All in a Day’s Avodah

Joey Newcomb shares the secret at the heart of his music and message

Photos: Dovi Green, Naftoli Goldgrab
The campus of Yeshivas Ateres Shmuel is an idyllic place. Acres of rolling lawns stretch in all directions, tilting upward every now and then to accommodate a gentle hill, and then dipping softly back down. On this clear September night, the vast star-studded black sky lends this resort-enclave-turned-yeshivah an air of absolute tranquility.
Except… from the window of a cabin tucked in the campus’s corner, blue lights flash on and then off, punctuated by red and yellow zigzagging bolts. Booming noise. Music, singing, thumping footfalls.
Inside the cabin, a man is standing on a stage with a guitar tucked around his shoulder so neatly, you’d think he was born with it. His eyes are closed and songs seem to roll out of him effortlessly. He’s concentrating on something but it doesn’t seem to be the vocals. His mind is clearly elsewhere. But where?
Then there’s the crowd. They’re going crazy, but not over him.
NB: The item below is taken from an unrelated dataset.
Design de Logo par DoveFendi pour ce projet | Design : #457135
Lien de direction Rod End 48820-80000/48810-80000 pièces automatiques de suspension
In fact, few seem to be paying any attention to him at all. They’re dancing — in a circle — but each kid is kind of doing his own miniature dance as well. Hands go up at random, not necessarily in sync with the music. At times those solo dances become too big to handle, so the dancer breaks off entirely, enters the middle of the circle, and jumps and claps and waves his arms. He’s dancing his way, the way that makes him feel right, even if it isn’t typical. Then the other guys catch on and join him in the middle of the circle.
They’re dancing his way; they realize that it makes them feel right too.
That’s the music of Joey Newcomb.
That’s the story of Joey Newcomb.

It’s hard to drown out the allure of the hollow world around us, but Joey’s music taps the inner belief that we can rise even after a fall
Joey likes the word avodah — he pronounces it “avoida” — or maybe it’s the concept that he likes. He even named his most recent album Big Avoidas. The plan was for me to meet up with Joey in Far Rockaway and then we’d drive together to Durham where Joey would be performing for the Waterbury yeshivah. The geography is a little confusing. Although the yeshivah’s official name is Ateres Shmuel, it is widely known simply as “Waterbury.” This applies even to the yeshivah’s high school, which is located in Durham, some 40 minutes away from Waterbury. That’s just the way it is.
I arranged to meet Joey in the parking lot of the famed White Shul. It turns out to be a big avodah. It’s Minchah-time when I arrive; the people kept coming, and that means a lot of awkward neck-craning on my part. I’m not looking for a specific license plate or even a car model — no need for that. I just need to see Joey Newcomb’s peyos.